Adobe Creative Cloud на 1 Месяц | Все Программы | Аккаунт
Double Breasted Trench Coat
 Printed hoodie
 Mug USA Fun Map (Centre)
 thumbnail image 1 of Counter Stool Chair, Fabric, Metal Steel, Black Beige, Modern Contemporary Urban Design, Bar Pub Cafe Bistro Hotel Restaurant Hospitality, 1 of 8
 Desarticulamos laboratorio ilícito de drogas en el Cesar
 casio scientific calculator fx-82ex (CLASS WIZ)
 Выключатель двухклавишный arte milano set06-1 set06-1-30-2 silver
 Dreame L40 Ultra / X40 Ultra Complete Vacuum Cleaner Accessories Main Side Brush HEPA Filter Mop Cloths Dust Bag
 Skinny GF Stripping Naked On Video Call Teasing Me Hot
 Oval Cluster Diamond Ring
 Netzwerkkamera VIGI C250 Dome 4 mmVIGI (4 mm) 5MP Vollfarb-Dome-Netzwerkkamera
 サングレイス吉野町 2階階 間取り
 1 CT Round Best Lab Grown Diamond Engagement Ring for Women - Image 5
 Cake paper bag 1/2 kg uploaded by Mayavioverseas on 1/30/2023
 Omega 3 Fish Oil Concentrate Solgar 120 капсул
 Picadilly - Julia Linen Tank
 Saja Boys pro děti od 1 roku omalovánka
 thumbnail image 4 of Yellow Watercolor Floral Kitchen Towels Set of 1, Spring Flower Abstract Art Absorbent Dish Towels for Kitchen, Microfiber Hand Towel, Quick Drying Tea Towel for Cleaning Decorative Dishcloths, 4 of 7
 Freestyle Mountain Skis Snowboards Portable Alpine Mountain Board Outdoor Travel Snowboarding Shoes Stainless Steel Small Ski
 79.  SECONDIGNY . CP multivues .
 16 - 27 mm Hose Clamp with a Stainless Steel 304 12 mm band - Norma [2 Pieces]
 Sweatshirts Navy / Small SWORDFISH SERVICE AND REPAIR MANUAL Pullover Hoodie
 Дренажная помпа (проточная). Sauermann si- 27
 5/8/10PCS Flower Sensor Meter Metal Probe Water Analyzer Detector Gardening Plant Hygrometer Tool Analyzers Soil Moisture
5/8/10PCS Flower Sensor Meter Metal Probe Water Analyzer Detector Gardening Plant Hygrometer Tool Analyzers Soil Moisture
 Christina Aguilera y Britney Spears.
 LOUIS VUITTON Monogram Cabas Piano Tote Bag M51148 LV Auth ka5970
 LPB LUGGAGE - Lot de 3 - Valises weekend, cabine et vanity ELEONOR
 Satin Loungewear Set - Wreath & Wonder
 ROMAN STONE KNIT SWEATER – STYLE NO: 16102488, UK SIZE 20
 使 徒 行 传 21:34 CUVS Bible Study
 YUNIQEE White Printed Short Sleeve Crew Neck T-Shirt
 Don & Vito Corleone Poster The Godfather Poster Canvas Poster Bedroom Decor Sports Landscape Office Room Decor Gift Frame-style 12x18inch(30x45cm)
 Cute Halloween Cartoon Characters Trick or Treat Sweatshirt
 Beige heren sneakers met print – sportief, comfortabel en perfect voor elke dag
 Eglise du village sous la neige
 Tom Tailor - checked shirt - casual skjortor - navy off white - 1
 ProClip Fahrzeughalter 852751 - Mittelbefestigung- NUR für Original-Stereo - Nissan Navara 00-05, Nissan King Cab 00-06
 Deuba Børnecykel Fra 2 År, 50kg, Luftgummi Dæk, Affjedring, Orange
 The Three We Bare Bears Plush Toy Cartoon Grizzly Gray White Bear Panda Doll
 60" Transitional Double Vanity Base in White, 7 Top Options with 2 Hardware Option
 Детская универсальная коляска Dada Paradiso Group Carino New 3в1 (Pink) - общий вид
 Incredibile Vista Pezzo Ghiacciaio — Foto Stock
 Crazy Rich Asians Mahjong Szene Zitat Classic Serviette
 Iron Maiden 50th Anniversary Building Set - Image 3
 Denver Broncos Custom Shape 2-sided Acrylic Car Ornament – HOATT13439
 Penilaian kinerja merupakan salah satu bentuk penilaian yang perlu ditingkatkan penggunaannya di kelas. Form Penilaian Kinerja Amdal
......
### PROMPT
Take the word "Plant" and find each line of the material that contains it. Copy those lines.

### REPLY TO THE TASK
 5/8/10PCS Flower Sensor Meter Metal Probe Water Analyzer Detector Gardening Plant Hygrometer Tool Analyzers Soil Moisture
5/8/10PCS Flower Sensor Meter Metal Probe Water Analyzer Detector Gardening Plant Hygrometer Tool Analyzers Soil Moisture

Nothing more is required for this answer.